Between selfies and CCTV, smartphones and Google, we are gridlocked in algorithmic visualizations of data. We instigate power, desire, and pleasure, drawing out a trajectory for the impact of technologies upon our consciousness.
The works currently on view at 10011 reflect the aesthetic regime of our cultural climate. You are invited to take part and reflect on technology, surveillance and its growing influence on creative production.
ABOUT THE ARTISTS
Cynthia Daignault, James Bridle, Vanessa Hodgkinson, Enxuto & Love, Ernesto Caivano
** James Bridle** presents work as a writer, publisher, artist and technology theorist. His long-standing investigative interest in network interactions, both virtual and material, positions him at the intersection of innovative shifts in culture and science. Bridle exhibits online and off, often obviating his research and production process through episodes of long and short-form discourse and presentations.
** Ernesto Caivano** is gifted with the art of storytelling, which he relates in fantastical, meticulously romantic ink-drawings. Erupting from myth, folklore, poetry, natural cues and science fiction. Caivano’s work has been the subject of a number of solo shows: at White Cube in London and at MoMA PS1, where his site-specific mural In the Woods(2004) is permanently installed in one of the building’s stairwells. He has also been included in notable group exhibitions such as No New Thing Under the Sun (2010) at the Royal Academy in London, The Compulsive Line: Etching 1900 to Now at the Museum of Modern Art (2006), Greater New York 2005 at MoMA PS1, and the 2004 Whitney Biennial.
** Cynthia Daignault*** *was born in Baltimore, Maryland, and currently lives in New York. She attended Stanford University, and was a MacDowell Colony Fellow in 2010. She edited the monograph on Sean Landers, Improbable History, which was published by JRP Ringier in 2011. Her work was featured in a solo show at White Columns in 2011. Daignault is a recipient of the 2011 Rema Hort Mann Foundation Grant.
** João Enxuto & Erica Love** have been collaborating since 2009 on work that examines the effects of new technology on traditional aesthetic categories, institutions, and artistic labor. The collaboration has resulted in a set of art objects, performances, and interventions. Enxuto & Love have performed and exhibited at the Pratt Institute, Vox Populi, Yossi Milo Gallery, carriage trade, Visions of the Now Festival in Stockholm and the Tamayo Museum in Mexico City. They were Studio Art fellows at the Whitney Museum Independent Study Program for 2012-2013 and will be participants in the Art & Law Program in 2014.

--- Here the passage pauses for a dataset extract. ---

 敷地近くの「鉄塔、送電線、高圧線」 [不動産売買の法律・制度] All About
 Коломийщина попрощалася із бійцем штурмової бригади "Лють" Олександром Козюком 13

** Vanessa Hodgkinson ** has a long-standing interest in conceptual and structural frameworks that reinforce her process of communicating ideas through painting. Evolving out of a practical training in the crafts of traditional Islamic art, and an art historical background influenced by Said’s critique of Orientalism, Hodgkinson couples the Aniconic with an ongoing inquiry into the figurative ‘Other’ as a digital presence on the Internet. Recently Hodgkinson has made a move away from a culturally specific geometrical vernacular of Islamic pattern towards a more universal framework of the grid as a tool for producing images. Her grids are investigations into the potential for image-making inherent in network technologies, new media distribution and CGI.